April 5, 2021 •
How would you feel if the person you trust most gave all your personal and financial information to someone else behind your back? Pretty angry, right?
Yet when it comes to the critical information we give to accounting firms, both for our personal and company accounts, our data — and identities — are at risk since many accountants still don’t deploy Multi-Factor Authentication.
And the consequences could be catastrophic.
The yearly cost for online identity fraud is estimated to be more than $1 trillion dollars, according to Finextra. And a KPMG survey of 43 major banks around the world found that identity theft is only getting worse, making bank fraud the number one type of fraud overall.
Gone are the days when clients show up to their accountant’s office and plunk stacks of paper on their desk before it gets sent off to the government via fax or mail.
Like everything else, taxes and financial information have gone digital, making its software and the people that use it more susceptible to cyberattacks.
And while some think that hackers are only interested in big companies like Amazon or Target, it isn’t true. A Varonis report found that financial services firms have more sensitive files on average than healthcare, pharmaceutical, and biotech companies, making them particularly enticing to hackers.
So how do the hackers steal the data? The initial opening that a cyberattacker needs to weasel their way into a system isn’t complex. They may send a flurry of emails to employees with a link that allows access to the computer’s files. Or they may do a more targeted spear-phishing attack to get private data from a member of the c-suite. However they get in, the result could lead to irreparable public embarrassment, loss of trust from clients, or worse.
Banks are spending over $1 billion a year on Multi-Factor Authentication solutions to remedy the pressing issue of bank fraud and identity theft, representing about 30% of their total security budget, according to Finextra. But all that money is useless if the accounting or auditing firms that work with businesses and individuals hand over the keys.

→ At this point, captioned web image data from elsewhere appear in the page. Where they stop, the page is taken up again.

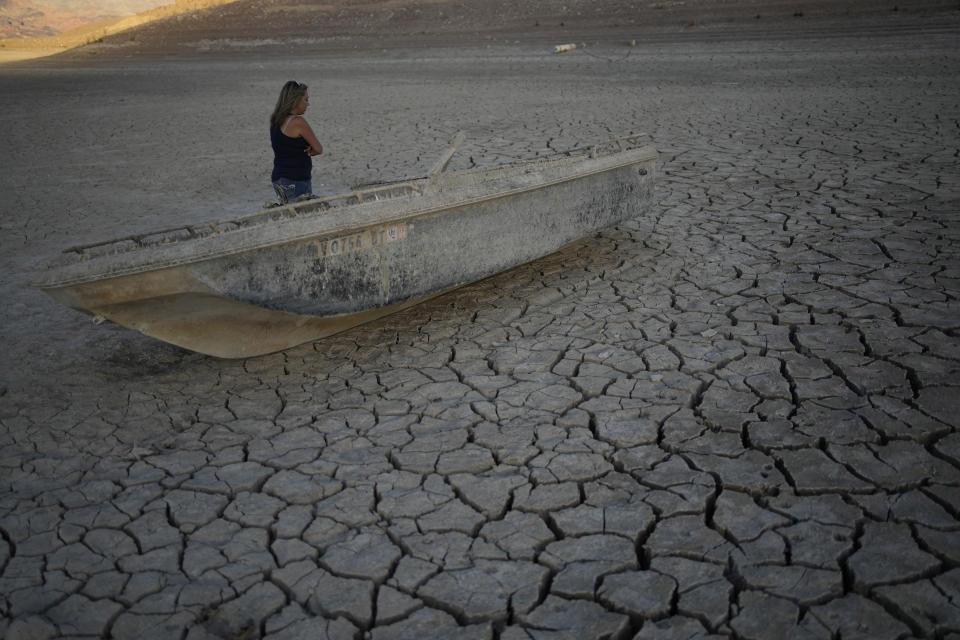 Misha McBride looks at a formally sunken boat now on cracked earth hundreds of feet from what is now the shoreline on Lake Mead at the Lake Mead National Recreation Area, Monday, May 9, 2022, near Boulder City, Nev. Las Vegas is being flooded with lore about organized crime after a second set of human remains emerged within a week from the depths of the drought-stricken Colorado River reservoir just a 30-minute drive from the notoriously mob-founded Strip. (AP Photo/John Locher)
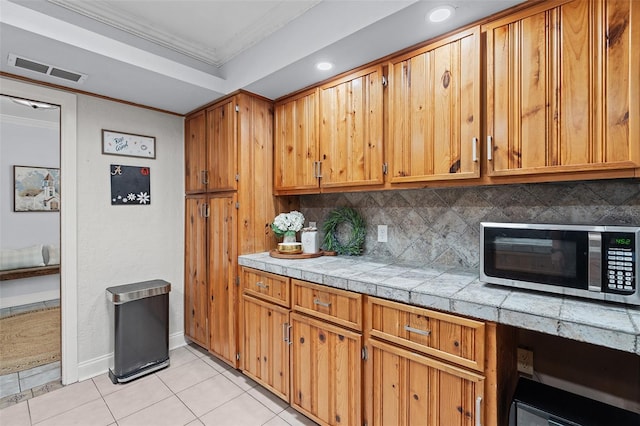 kitchen with stainless steel microwave, backsplash, visible vents, and ornamental molding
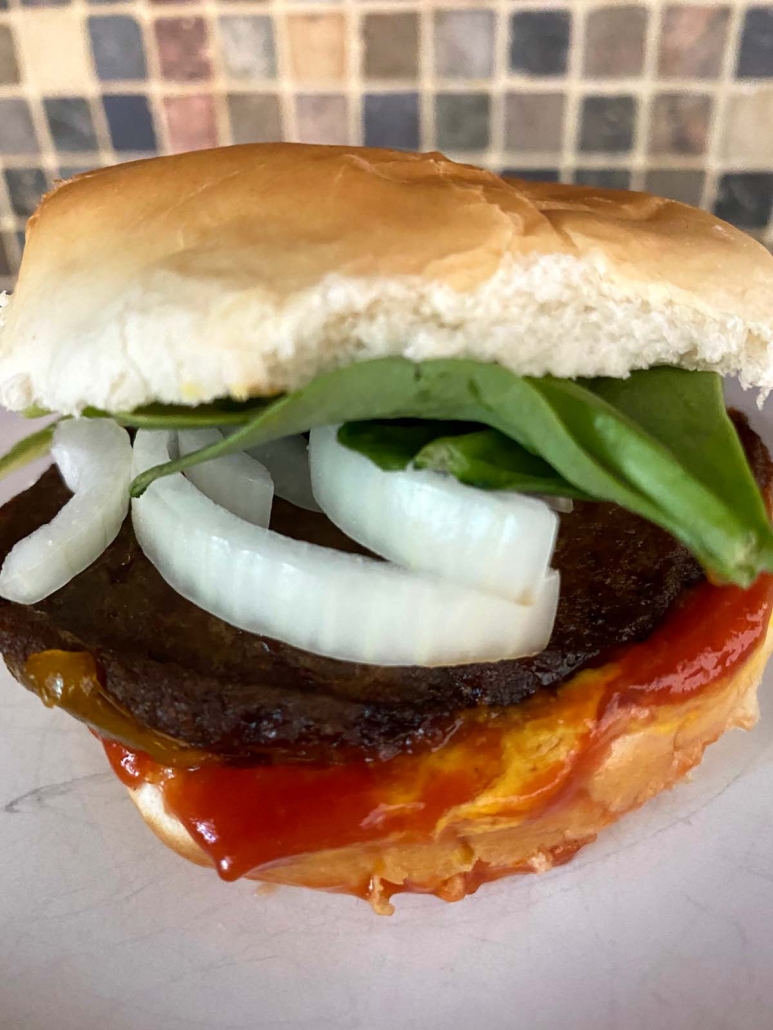 juicy turkey burger featuring bun, lettuce, onion, patty, and ketchup on plate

That isn’t to say all accounting firms have weak cybersecurity. For instance, 2-Factor Authentication is already mandatory in Australia for popular cloud accounting software like MYOB, Xero, and Quickbooks Online. But it’s safe to assume that many aren’t covered enough, as 95% of companies are inadequately protected against cybercrime, according to Varonis.
While it’s true that an authentication service, especially 2-Factor Authentication via SMS, isn’t the only way to protect accounting firms and their client’s private data — it’s all part of a flurry of front-line security tactics as pointed out by CPA Practice Advisor — but it’s definitely a critical first step.